Born in 1985, Faïza is the child of Algerian immigrants and lived during her childhood in a council house in Pantin, near Paris. She started writing when she was 19 to talk about the lives of young people in the French suburbs. In 2011, she was selected by UNESCO as one of fifteen artists under 35 years to be awarded the title of ''Young Artists for Intercultural Dialogue between Arab and Western Worlds''. In 2004 she directed and wrote the script of her short film named Nothing But Words. She continued writing and published books such as Just like tomorrow and Some dream for fools.
Here are a few extracts from the French version of Just Like Tomorrow:
'En sortant du bahut, j'ai croisé Hamoudi. Il m'a proposé de m'embarquer pour me déposer au quartier. J'étais fière alors j'en ai profité pour flamber un peu, pour que toutes ces tronches de cake au bahut me voient partir avec la doublure d'Antonio Banderas dans Zorro, mais en plus balafré. En fait, personne n'a vu. c'est pas grave.'
'Pour les mauvaises nouvelles, il faut s’inspirer de la télé. Du courage et du tact de Gaby dans Sunset Beach quand elle annonce à son con de mari qu’elle l’a trompé avec son propre frère. En plus, il était prêtre le frère. Encore pire. Alors à côté de ça, annoncer au père de Youssef que son gosse est en prison jusqu’au printemps prochain, c’est du gâteau.'
And here are two of her books:
Men don't cry
Men don't cry is the most recent book written by Faïza in French, translated in English by Sarah Ardizonne and published in the United States by Bloomsbury Qatar Foundation. It will be on the market by the end of the year.

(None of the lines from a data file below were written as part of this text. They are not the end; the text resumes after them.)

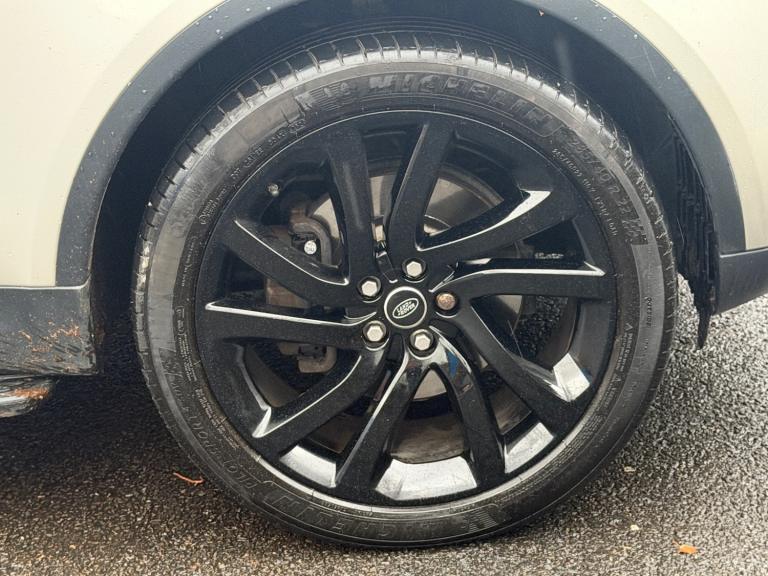 2017 Land Rover Discovery 3.0 TDV6 HSE Automatic 4WD Euro 6 5dr SUV Diesel Automatic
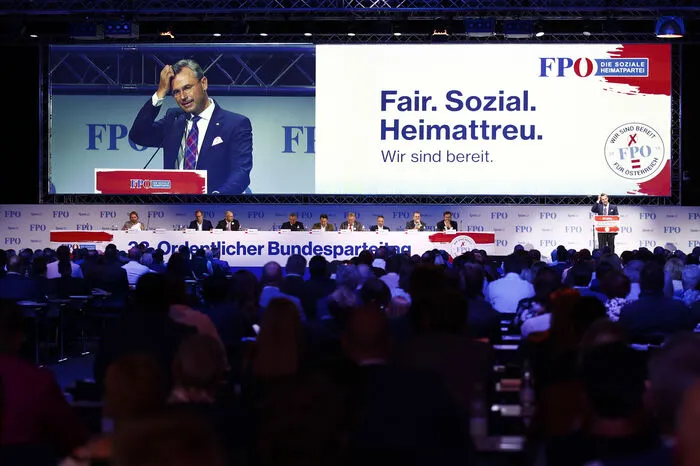 Rund 870 Delegierte wählen nach dem Rücktritt von Ex-Chef Heinz-Christian Strache im Mai nun dessen designierten Nachfolger Norbert Hofer auch offiziell zum neuen FPÖ-Obmann.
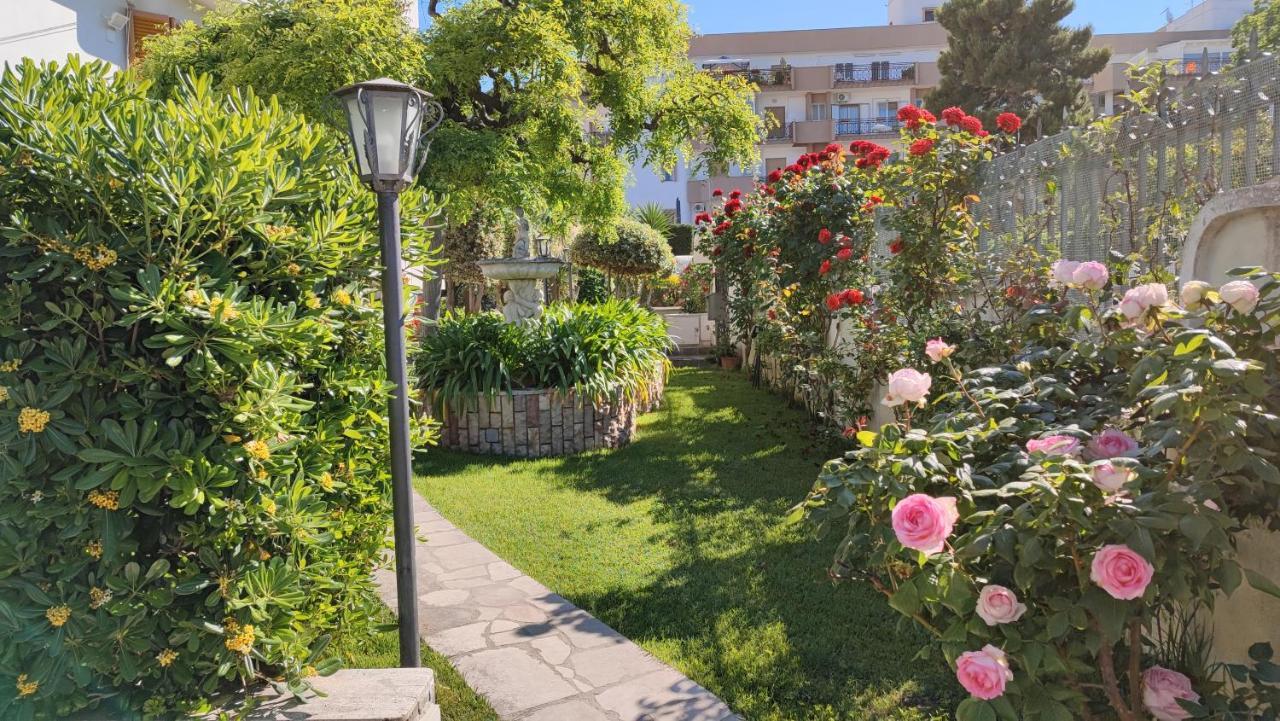 Villa Mary Trani Exteriör bild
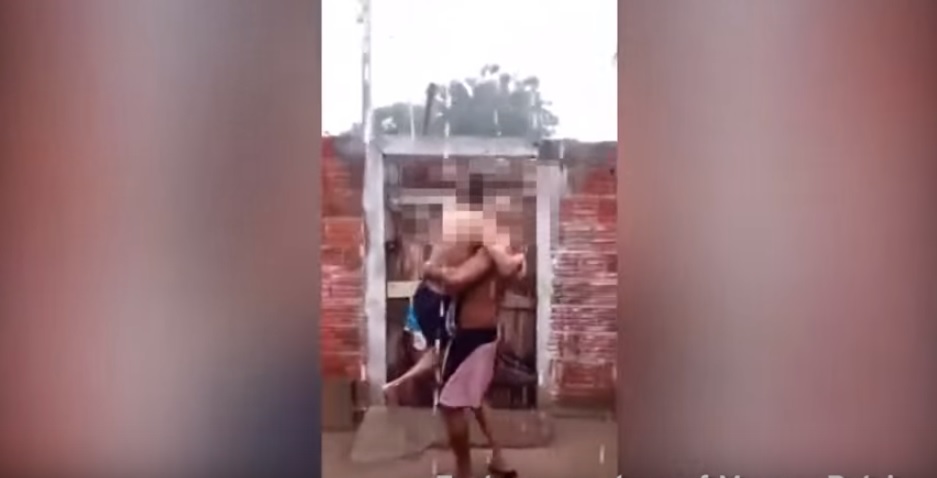 Κουβάλησε στα χέρια του τον ανάπηρο γιο του για να νιώσει την βροχή (Video) - Media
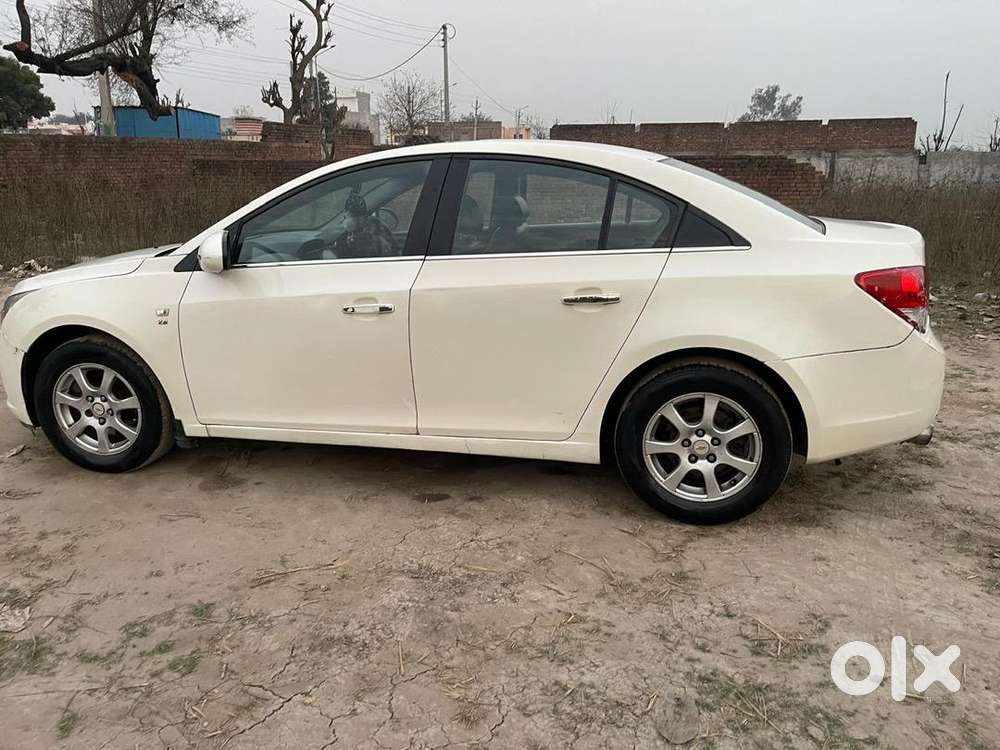 Chevrolet Cruze 2011 Diesel Good Condition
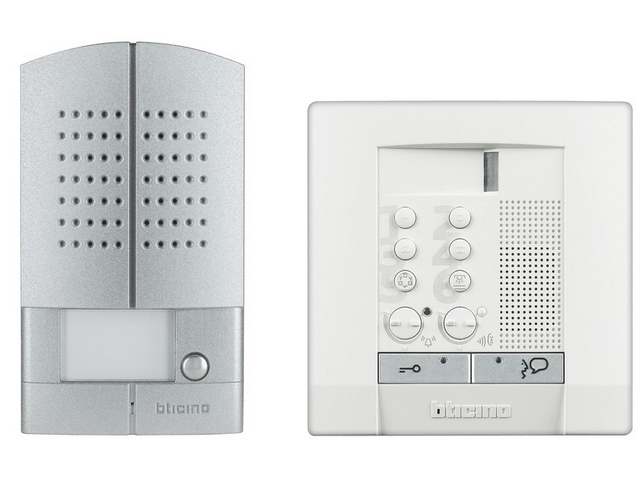 Interphone-main-libre-portail-alu-fabrication-installation-entretien-alproconcept.uriage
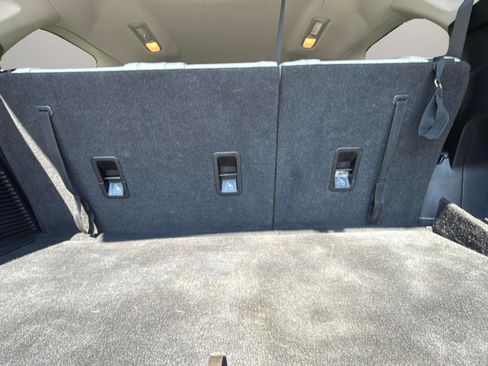 Used 2022 Subaru Ascent Limited image 16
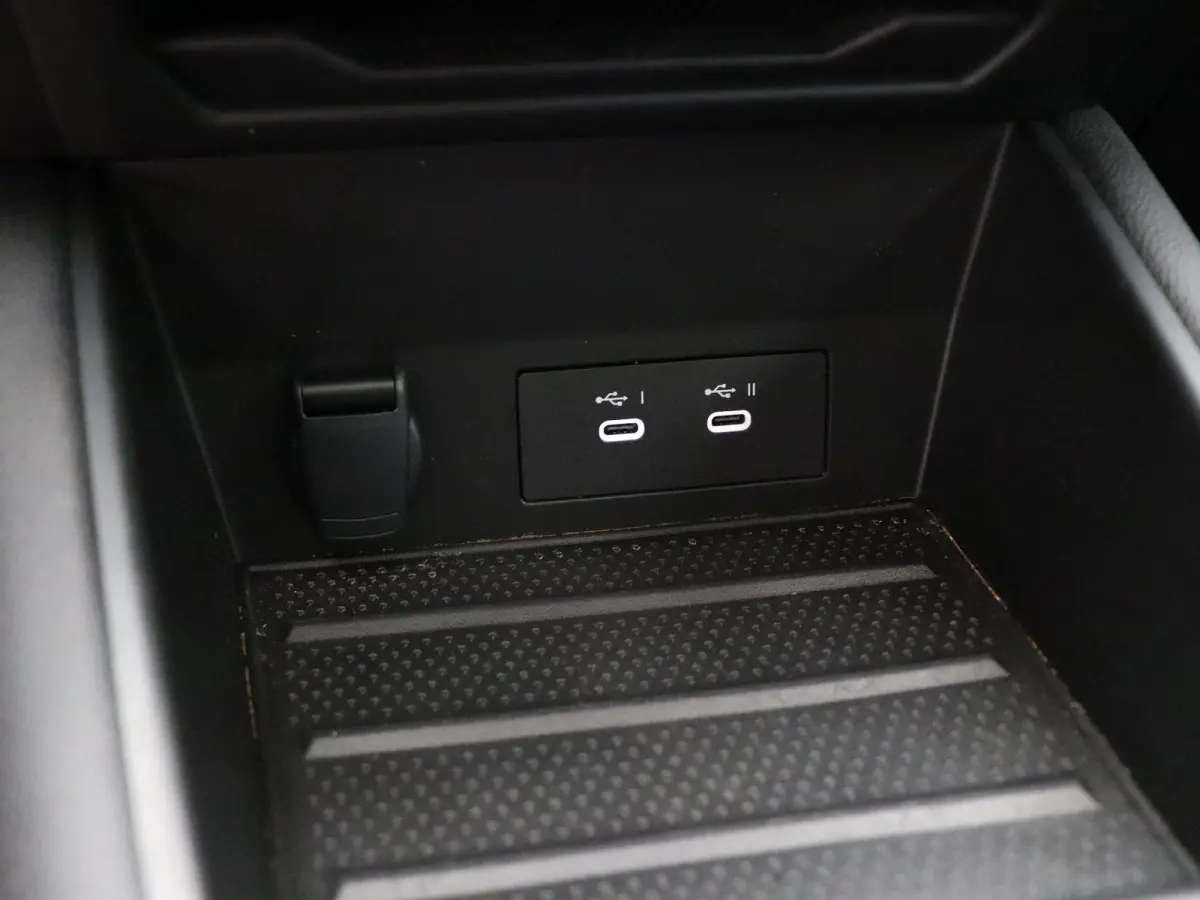 160pk E-Tech full hybrid Esprit Alpine | Schuif/Kanteldak | Adaptive Cruisecontrol | Harman Kardon | Google Navigatie | Stuurverwarming | Lichtmetalen Velgen 19" | Achteruitrijcamera |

Plot: Born in the French city of Nice, from algerian parents, Mourad would like to forge his destiny.
His worst nightmare: to become an old overweight boy with grey hair, fed by his mum from fried oil. In order to escape that, he would have to abandon a heavy family heritage.
However, is it really by distancing a part of ourself from our ideas that we become fully ourselves?
(French cover of the book published by Fayard)
Just like tomorrow
Just Like Tomorrow is the first author's novel published in 2004 by Hachette Littérature, in the French version. It was later translated by Sarah Ardizzone and published in 2006 by Definitions (Random House Children's Publishers UK). In this novel, Guène tries to show the lives of young people in urban environment...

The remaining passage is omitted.